All told, 66 players took advantage of the program offered for the first time by the league and the NFL Players Association.
"So many young guys in this game feel they have a lot of time before football is over, but I know the NFL really is not for long," Evans said. "If I hadn't been out of the league, I might have been one of those guys who didn't think ahead. But when you've been out of the league as I have, you try to take advantage of all the opportunities the NFL offers.
"A chance to go to Harvard and learn from the best is something that no one should pass up."
Barrow, whose career is in jeopardy after he missed all of last season because of a balky knee, expressed similar sentiments.
"If Michael Jordan in his prime said he would teach you everything he knew about basketball, who wouldn't take advantage of that?" said Barrow, who has an accounting degree from Miami and might try to obtain an MBA. "This was the same thing in the business world. The more information you have, the better you are. It's one thing to gain the wealth. It's another thing to know how to use it."
NFLPA director of player development Stacey Robinson, a New York Giants receiver from 1985 to 1990, said Barrow encapsulated the point of the programs at Harvard and Wharton.

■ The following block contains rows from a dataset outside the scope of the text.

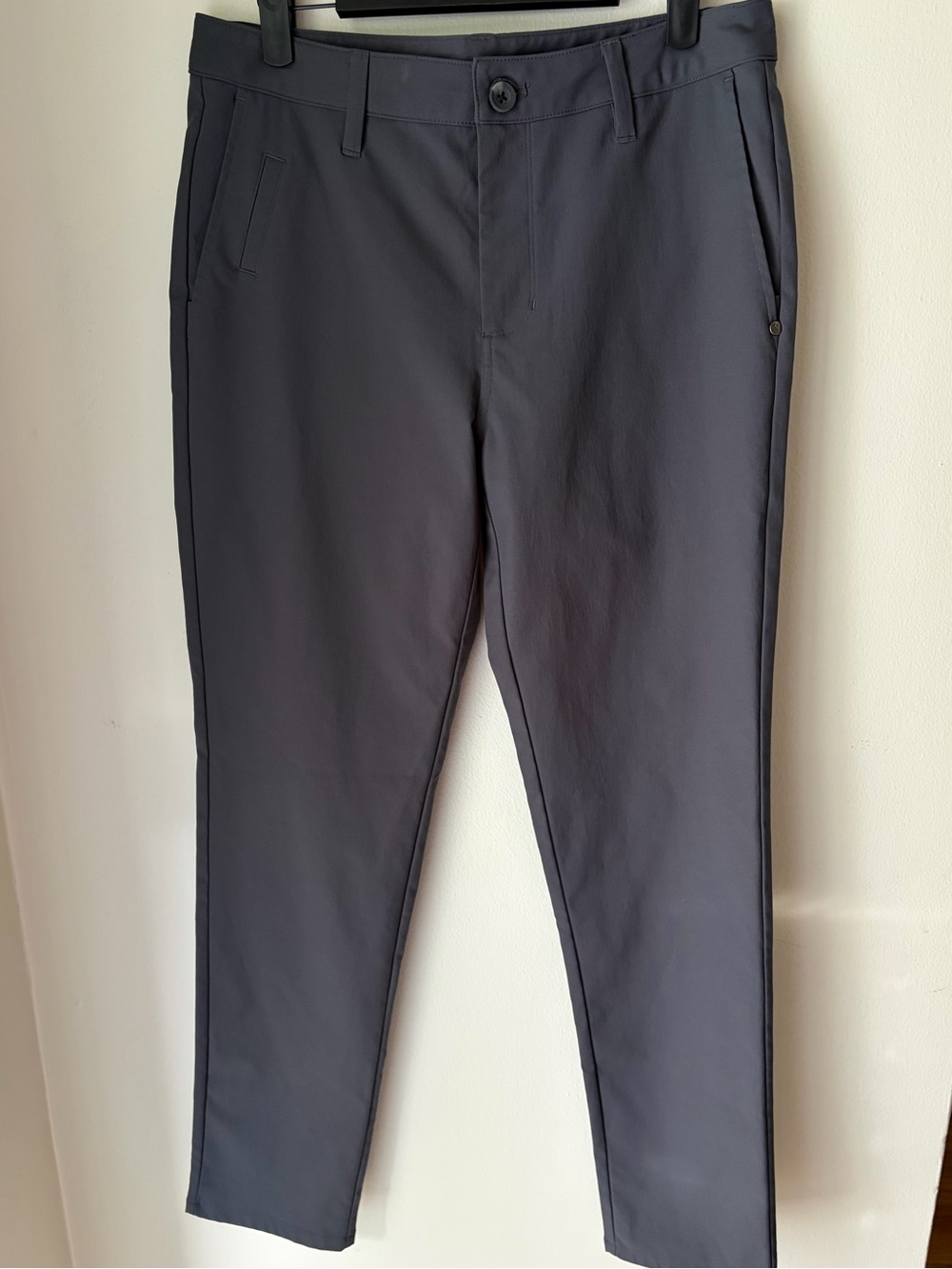 79. Men’s Size 30 VUORI Charcoal Grey Chino Pants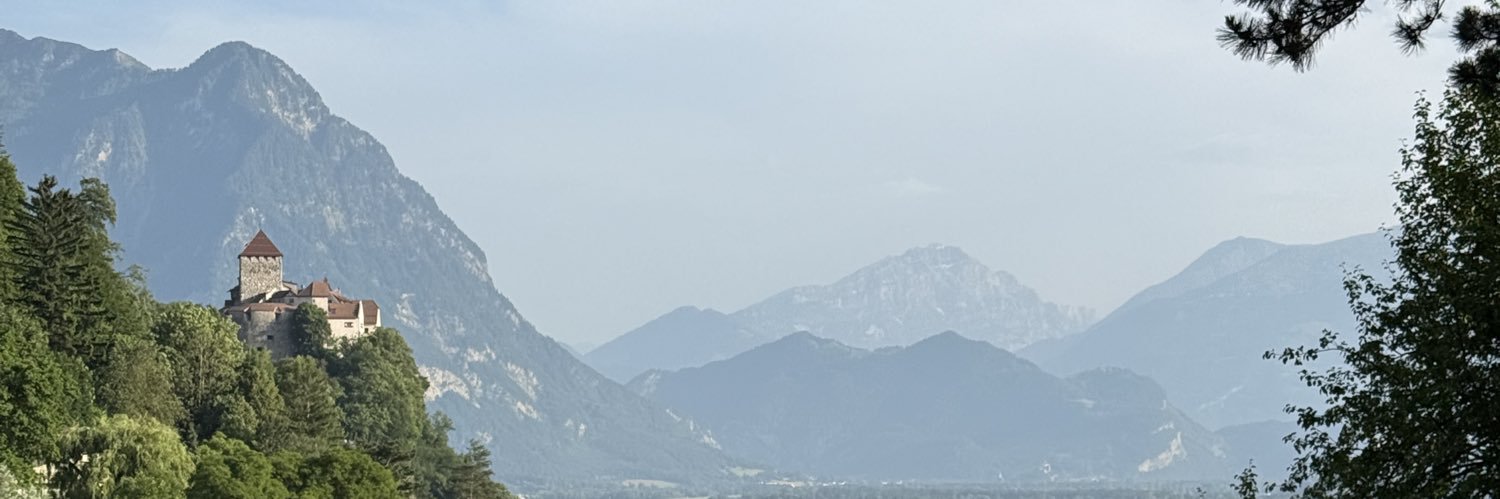 efexen's profile banner image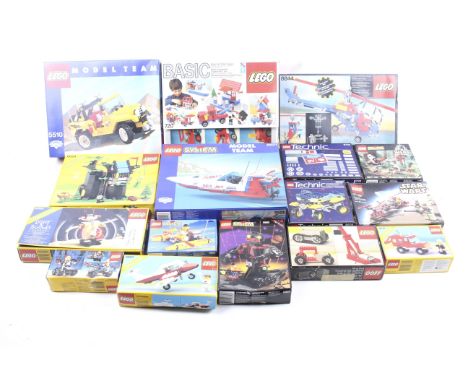 An assorted collection of Lego sets. Comprising a good range of kits including System and Model Team etc, appear complete but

"These types of continuing education programs are part of the whole player concept that [NFLPA president Troy Vincent] talks about," Robinson said. "It's part of preparing players for life after football along with tuition reimbursement and internships. My top salary was $250,000. The economics of today's game are very different, so players are able to start their own businesses, but they don't always have the training or background to know how to run them."
While Barrow has yet to determine what he wants to do next despite more than a few offseason internships, Brown is planning to develop real estate in Memphis, Tenn., near his hometown of Marion, Ark.
"Harvard gave me some affirmation that I was doing some things right in my business dealings in terms of how I protect myself in regards to taxation, setting up a limited liability corporation and partnerships," said Brown, who's nine hours shy of his political science degree from Arkansas State. "We also learned that you're not a chump or a coward if you walk away from a deal. ... Football players are always bombarded with deals."
Robinson said the NFLPA didn't know what kind of response it would receive when the seminars were offered but was pleased to be bombarded with players wanting to take part. Many who were put on the waiting list asked to reserve spots next year.
Spokesmen at both Harvard and Wharton said their schools were pleased with the programs, and Robinson said it may be expanded to the Midwest and West Coast to make it easier for players based there to attend.
"I thought it might be like college, sitting in class being bored listening to professors lecture, but it wasn't like that," Evans said. "You were involved in class discussions. You had to defend your opinions. The great thing was there was no wrong answer."
Evans was impressed that Harvard professors had studied the NFL and discovered that New England, Philadelphia, Indianapolis and Carolina, all of which reached at least a conference championship game in 2003 or 2004, had the most players with degrees. The fact that the professors claimed 96 percent of the players who get in trouble off the field didn't have their college diplomas furthered Evans' determination to go back for the nine hours he needs for his sports business degree from Georgia.
"It was huge for Demetric to be there," Brown said. "He knows this business can be very fleeting. The Redskins loved him last year when [Phil Daniels, the starting end whom Evans replaced for much of 2004] was hurt, but are they going to love him when Phil is healthy? This guy has a vision. He wants to do things beyond football."
As do all the players who trod the halls of Ivy this month.